#### [ENTRIES SUPPLIED]
»»

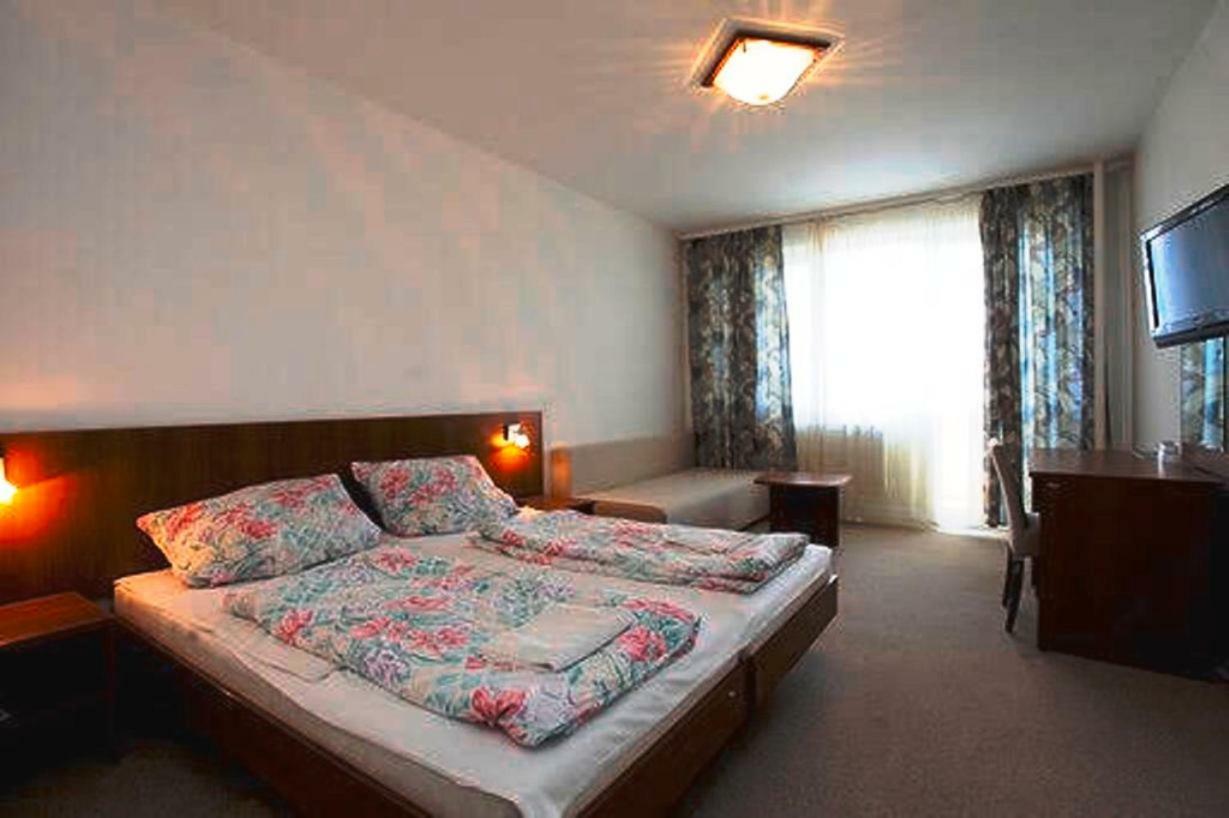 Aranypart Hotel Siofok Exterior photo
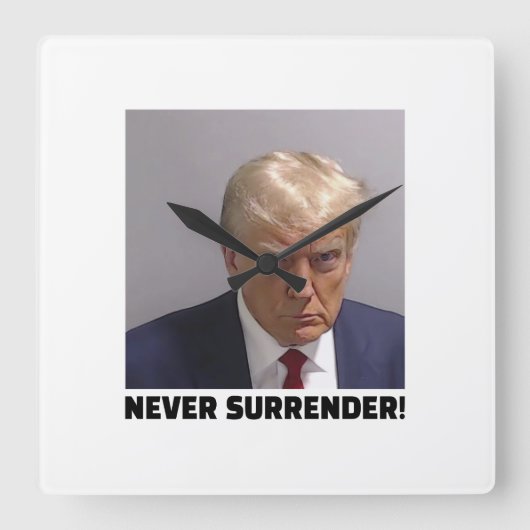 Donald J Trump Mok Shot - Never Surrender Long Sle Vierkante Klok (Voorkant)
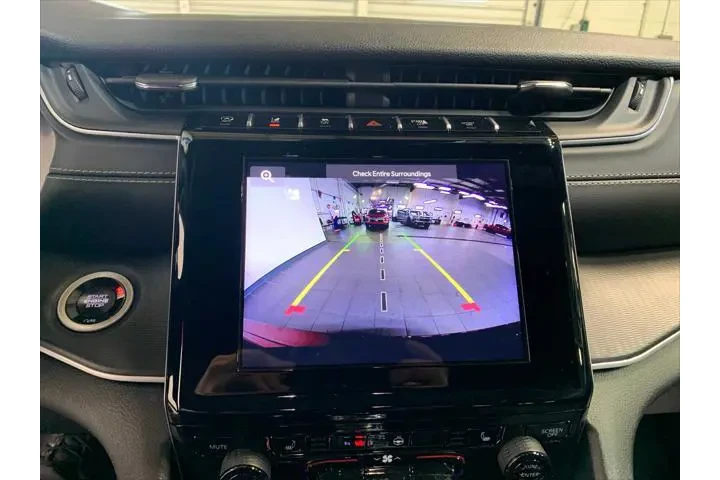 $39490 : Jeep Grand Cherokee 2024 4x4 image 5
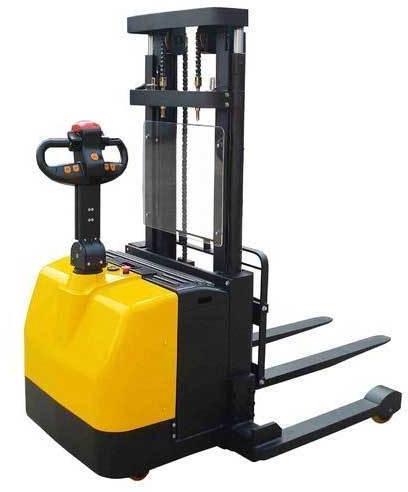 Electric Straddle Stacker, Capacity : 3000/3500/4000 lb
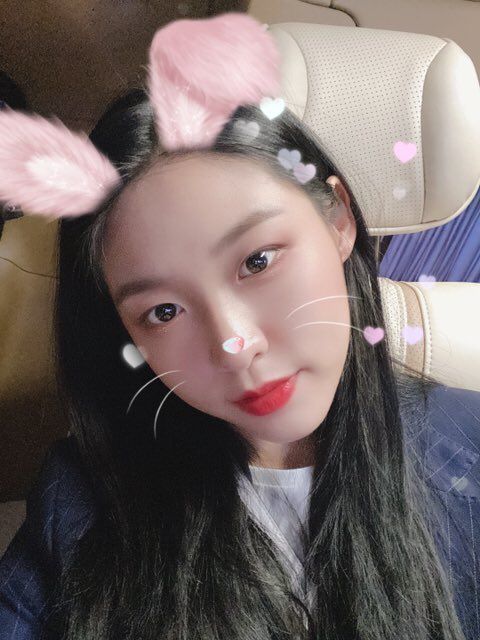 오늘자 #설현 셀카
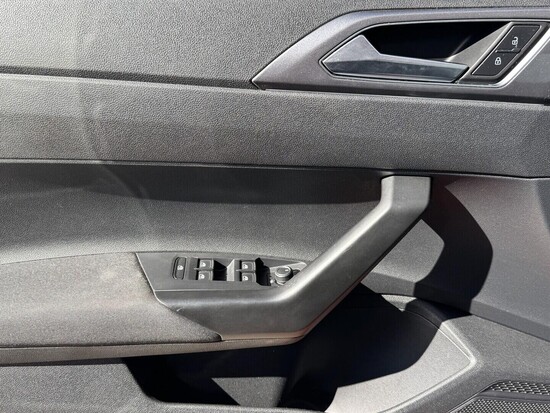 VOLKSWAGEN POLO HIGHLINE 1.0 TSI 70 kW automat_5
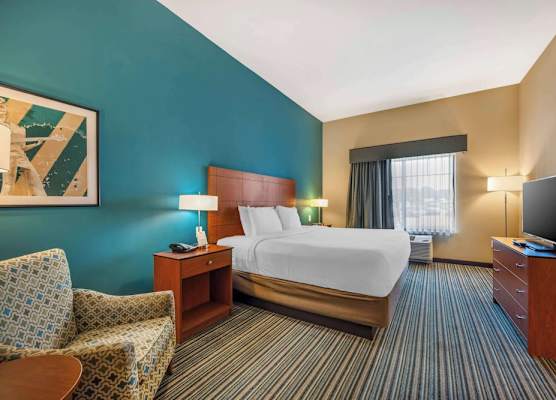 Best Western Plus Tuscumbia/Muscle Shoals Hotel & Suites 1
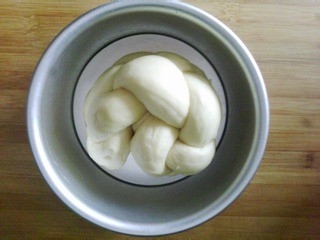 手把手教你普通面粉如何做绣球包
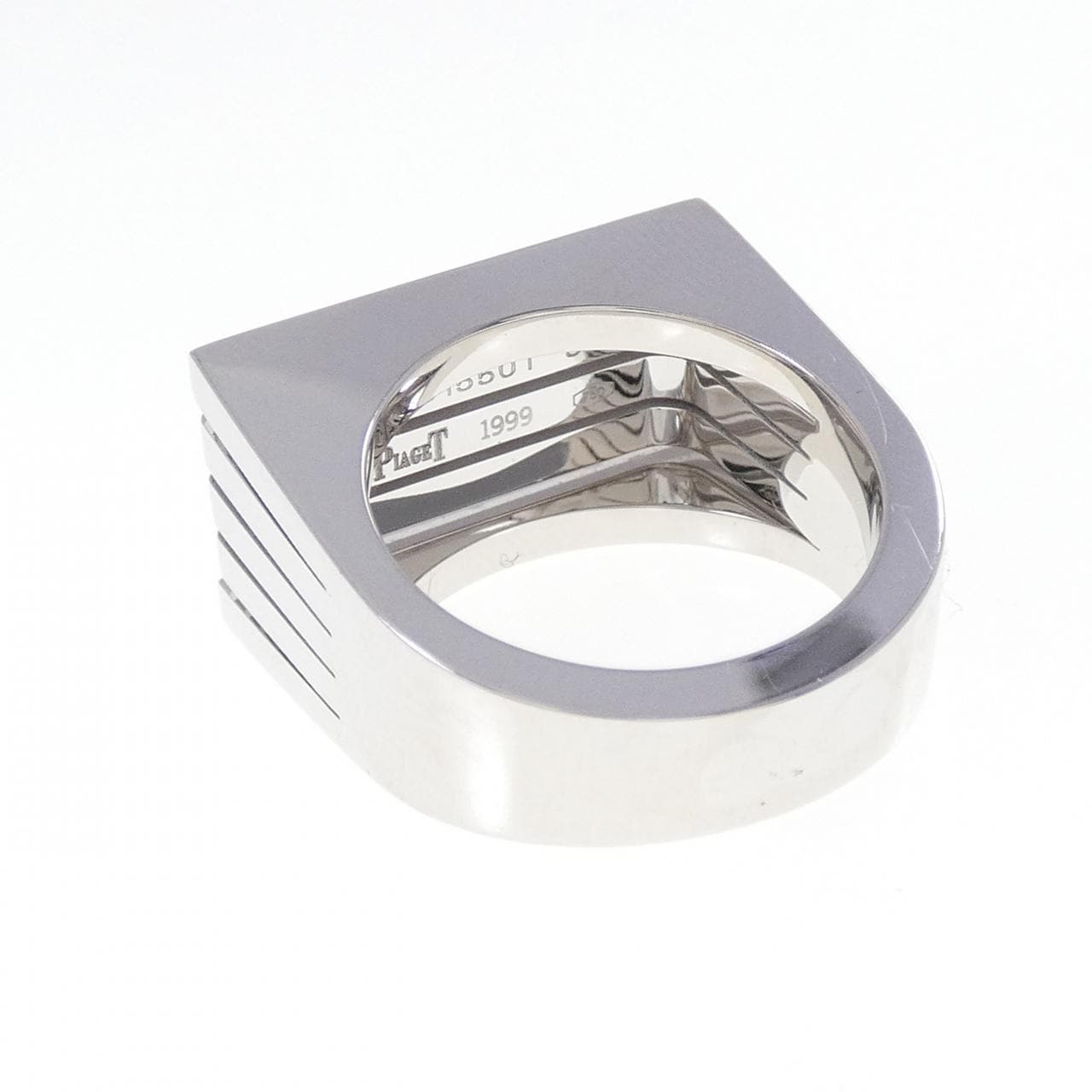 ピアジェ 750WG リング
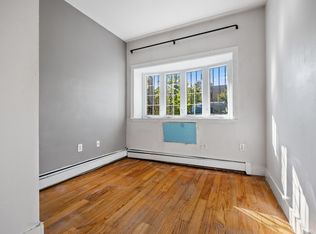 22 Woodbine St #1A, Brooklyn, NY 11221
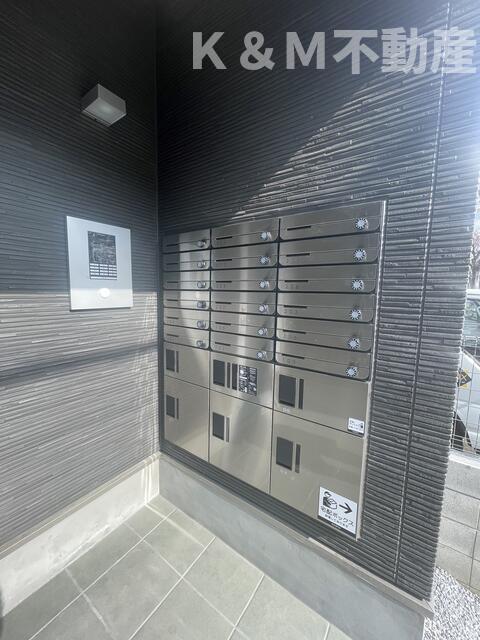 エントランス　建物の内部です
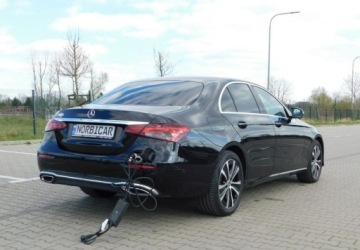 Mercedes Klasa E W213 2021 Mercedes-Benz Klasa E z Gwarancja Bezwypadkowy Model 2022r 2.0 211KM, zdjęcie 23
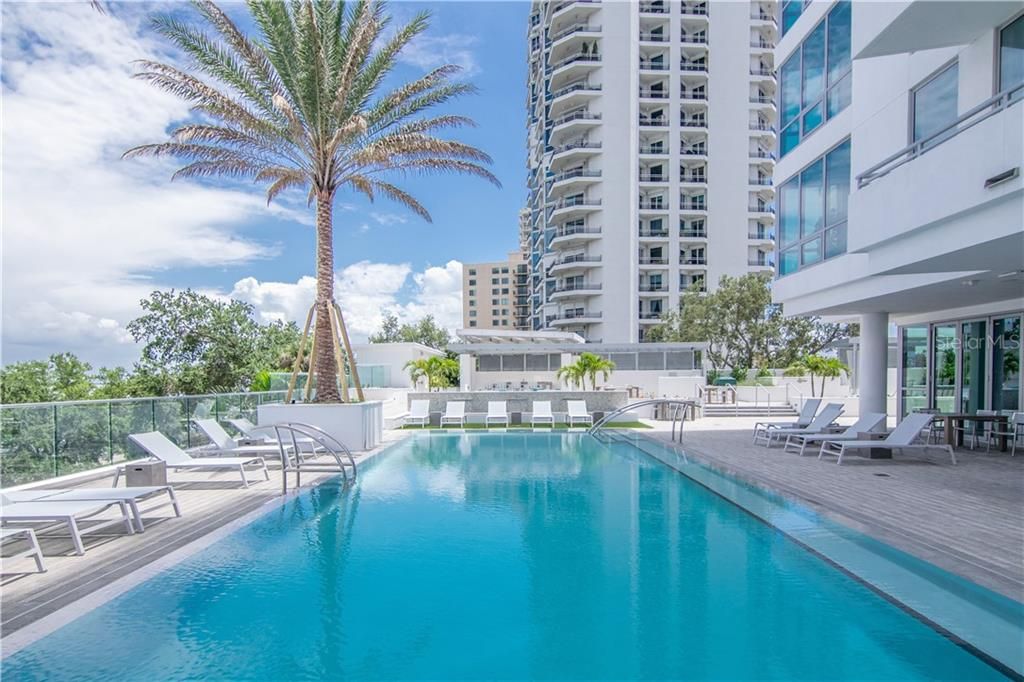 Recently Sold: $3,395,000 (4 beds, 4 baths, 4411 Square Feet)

««

#### [WHAT THE EXERCISE ASKS]
Could every record be given again exactly, with its pictures left out?

#### [RESULT]
 Aranypart Hotel Siofok Exterior photo
 Donald J Trump Mok Shot - Never Surrender Long Sle Vierkante Klok (Voorkant)
 $39490 : Jeep Grand Cherokee 2024 4x4 image 5
 Electric Straddle Stacker, Capacity : 3000/3500/4000 lb
 오늘자 #설현 셀카
 VOLKSWAGEN POLO HIGHLINE 1.0 TSI 70 kW automat_5
 Best Western Plus Tuscumbia/Muscle Shoals Hotel & Suites 1
 手把手教你普通面粉如何做绣球包
 ピアジェ 750WG リング
 22 Woodbine St #1A, Brooklyn, NY 11221
 エントランス　建物の内部です
 Mercedes Klasa E W213 2021 Mercedes-Benz Klasa E z Gwarancja Bezwypadkowy Model 2022r 2.0 211KM, zdjęcie 23
 Recently Sold: $3,395,000 (4 beds, 4 baths, 4411 Square Feet)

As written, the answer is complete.